Address Distance Planning for Sheet Workflows
Distance between two address points is often needed before routing, site checks, delivery costing, field surveys, or physics based motion estimates. This calculator is designed for sheet style work. You enter the address labels, coordinates, elevation values, route factor, and speed. The tool returns surface distance, three dimensional straight line distance, route adjusted distance, bearing, central angle, chord distance, and estimated travel time.
Why Coordinates Matter
Street addresses are names. Physics calculations need numbers. Latitude and longitude convert each point into a position on Earth. The Haversine method then estimates the curved surface distance between both positions. Elevation adds vertical separation. That extra height difference can matter for drone planning, cable runs, slope checks, surveying, and mountain routes. For normal city travel, elevation usually changes the result only slightly.
Sheet Friendly Inputs
Many teams store origin and destination details in spreadsheets. A row may contain origin address, destination address, latitude, longitude, elevation, route factor, and expected speed.
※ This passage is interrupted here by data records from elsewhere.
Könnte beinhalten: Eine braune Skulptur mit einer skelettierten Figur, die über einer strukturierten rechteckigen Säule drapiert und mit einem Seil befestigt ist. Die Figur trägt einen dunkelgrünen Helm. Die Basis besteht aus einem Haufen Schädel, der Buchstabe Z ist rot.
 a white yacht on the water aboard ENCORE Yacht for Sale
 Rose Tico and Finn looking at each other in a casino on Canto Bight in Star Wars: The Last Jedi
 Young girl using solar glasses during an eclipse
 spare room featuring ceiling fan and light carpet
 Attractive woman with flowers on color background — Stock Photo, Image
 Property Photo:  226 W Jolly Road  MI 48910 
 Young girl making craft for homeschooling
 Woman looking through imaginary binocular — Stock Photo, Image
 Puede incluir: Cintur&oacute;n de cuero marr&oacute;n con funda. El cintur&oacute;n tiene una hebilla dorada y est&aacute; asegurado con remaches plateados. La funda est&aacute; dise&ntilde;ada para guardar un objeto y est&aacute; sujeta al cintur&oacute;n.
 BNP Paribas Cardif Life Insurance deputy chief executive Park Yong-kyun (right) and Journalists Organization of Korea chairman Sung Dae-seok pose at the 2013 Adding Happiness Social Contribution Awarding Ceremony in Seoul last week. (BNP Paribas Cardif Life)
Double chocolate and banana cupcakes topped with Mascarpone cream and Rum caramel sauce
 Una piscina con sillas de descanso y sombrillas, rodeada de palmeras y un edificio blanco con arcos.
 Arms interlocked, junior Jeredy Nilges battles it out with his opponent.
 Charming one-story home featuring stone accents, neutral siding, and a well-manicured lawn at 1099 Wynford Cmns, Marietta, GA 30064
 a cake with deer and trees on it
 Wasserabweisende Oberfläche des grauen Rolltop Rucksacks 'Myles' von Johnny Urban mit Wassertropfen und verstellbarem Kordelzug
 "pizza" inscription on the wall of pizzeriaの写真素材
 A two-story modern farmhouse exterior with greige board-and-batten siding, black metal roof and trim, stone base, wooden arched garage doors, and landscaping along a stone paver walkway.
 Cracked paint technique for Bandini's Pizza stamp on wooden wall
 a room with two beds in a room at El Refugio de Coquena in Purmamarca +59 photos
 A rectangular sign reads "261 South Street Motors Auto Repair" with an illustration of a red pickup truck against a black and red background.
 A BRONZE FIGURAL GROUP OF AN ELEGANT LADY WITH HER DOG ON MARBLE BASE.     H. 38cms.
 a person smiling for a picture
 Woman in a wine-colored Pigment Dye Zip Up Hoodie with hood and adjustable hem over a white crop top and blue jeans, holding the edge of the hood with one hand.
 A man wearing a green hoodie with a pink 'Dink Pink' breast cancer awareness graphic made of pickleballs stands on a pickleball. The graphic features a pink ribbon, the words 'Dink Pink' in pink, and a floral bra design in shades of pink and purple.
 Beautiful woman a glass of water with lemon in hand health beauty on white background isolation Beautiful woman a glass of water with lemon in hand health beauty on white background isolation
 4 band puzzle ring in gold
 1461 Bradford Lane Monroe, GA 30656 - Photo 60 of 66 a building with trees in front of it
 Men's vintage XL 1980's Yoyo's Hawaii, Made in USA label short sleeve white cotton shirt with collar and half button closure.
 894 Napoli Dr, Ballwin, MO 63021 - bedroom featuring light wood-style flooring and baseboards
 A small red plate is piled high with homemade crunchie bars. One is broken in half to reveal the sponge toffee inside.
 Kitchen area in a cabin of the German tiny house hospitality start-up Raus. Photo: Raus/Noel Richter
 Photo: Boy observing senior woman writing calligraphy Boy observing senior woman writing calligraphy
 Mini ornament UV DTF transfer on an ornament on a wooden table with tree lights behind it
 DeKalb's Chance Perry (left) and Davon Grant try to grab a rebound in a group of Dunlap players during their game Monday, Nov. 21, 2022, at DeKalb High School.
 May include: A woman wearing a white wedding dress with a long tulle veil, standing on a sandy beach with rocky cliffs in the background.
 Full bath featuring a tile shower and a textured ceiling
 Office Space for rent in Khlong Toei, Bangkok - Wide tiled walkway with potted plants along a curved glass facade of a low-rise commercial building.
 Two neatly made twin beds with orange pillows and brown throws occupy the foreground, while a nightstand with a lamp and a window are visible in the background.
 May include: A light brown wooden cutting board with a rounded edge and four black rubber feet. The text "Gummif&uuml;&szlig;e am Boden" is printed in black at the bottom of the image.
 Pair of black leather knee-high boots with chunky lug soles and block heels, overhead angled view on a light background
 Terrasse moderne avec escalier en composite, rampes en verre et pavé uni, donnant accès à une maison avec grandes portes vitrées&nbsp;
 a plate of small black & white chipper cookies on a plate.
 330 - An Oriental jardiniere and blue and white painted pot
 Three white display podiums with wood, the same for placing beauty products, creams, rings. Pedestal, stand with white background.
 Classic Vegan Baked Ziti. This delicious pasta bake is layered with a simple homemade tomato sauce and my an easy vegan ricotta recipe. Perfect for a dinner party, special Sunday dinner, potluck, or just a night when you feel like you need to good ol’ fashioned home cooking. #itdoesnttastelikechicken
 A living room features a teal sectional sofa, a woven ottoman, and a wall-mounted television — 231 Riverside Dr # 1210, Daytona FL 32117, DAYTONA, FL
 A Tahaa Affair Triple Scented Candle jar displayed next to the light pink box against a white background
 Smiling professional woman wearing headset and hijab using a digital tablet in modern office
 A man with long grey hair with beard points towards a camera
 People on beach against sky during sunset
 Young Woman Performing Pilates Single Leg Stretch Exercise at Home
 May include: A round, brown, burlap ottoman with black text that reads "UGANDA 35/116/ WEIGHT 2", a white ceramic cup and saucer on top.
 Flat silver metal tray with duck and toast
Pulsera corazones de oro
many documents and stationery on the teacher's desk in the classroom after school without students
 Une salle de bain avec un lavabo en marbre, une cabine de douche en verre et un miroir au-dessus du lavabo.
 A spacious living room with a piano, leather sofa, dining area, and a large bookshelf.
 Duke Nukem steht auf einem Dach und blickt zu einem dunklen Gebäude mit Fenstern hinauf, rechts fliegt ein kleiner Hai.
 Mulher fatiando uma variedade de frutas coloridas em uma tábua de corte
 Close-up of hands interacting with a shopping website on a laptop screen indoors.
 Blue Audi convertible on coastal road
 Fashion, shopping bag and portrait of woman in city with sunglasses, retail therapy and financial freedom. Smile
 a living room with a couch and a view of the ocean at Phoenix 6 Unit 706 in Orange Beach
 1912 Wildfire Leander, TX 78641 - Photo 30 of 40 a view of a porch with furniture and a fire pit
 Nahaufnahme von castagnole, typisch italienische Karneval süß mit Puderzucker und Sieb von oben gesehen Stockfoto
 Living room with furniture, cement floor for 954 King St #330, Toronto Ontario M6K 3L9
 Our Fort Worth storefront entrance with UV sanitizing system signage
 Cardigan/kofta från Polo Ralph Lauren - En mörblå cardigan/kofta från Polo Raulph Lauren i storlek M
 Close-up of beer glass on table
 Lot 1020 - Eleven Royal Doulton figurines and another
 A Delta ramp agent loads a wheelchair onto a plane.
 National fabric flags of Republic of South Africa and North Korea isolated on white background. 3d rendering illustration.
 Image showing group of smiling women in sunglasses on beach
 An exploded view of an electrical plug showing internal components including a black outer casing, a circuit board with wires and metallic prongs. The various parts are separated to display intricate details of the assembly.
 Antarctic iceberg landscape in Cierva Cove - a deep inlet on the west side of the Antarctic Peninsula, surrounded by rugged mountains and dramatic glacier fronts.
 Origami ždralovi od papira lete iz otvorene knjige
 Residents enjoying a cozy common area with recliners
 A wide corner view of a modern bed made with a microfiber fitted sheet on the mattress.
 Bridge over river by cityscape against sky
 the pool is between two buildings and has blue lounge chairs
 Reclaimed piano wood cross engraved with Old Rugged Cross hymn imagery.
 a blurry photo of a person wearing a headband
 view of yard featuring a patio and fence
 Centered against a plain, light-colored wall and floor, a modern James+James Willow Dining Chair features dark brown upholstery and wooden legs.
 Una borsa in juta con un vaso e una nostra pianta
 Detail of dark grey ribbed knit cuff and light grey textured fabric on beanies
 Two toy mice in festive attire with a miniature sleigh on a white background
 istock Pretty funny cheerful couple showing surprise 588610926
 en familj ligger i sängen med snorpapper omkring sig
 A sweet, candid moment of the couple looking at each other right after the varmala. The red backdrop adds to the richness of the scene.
The same structure is used here. You can copy values from a sheet, calculate a pair, and download results as CSV. The CSV file can then be reopened in spreadsheet software for reports, invoices, or field records.
Route Factor and Physics
Straight line distance is rarely the same as road distance. Roads bend, avoid barriers, follow grades, and use bridges. The route factor is a practical multiplier. A value of 1.00 means direct movement. A value of 1.25 means the practical route is twenty five percent longer than the surface distance. Travel time is then estimated by dividing adjusted distance by speed.
Best Use Cases
Use this calculator for quick planning, teaching, route comparison, and sheet based estimates. It is not a live geocoding tool. You should get latitude and longitude from a trusted map source first. For legal surveys, air navigation, emergency routing, or engineering approval, confirm results with certified data and specialist software. The calculator is still valuable for fast checks, because it shows every key intermediate value and makes the assumptions visible.
Accuracy Tips
Use degrees, not degrees and minutes. Keep north and east positive. Keep south and west negative. Record elevation in meters. Use the same coordinate source for both points.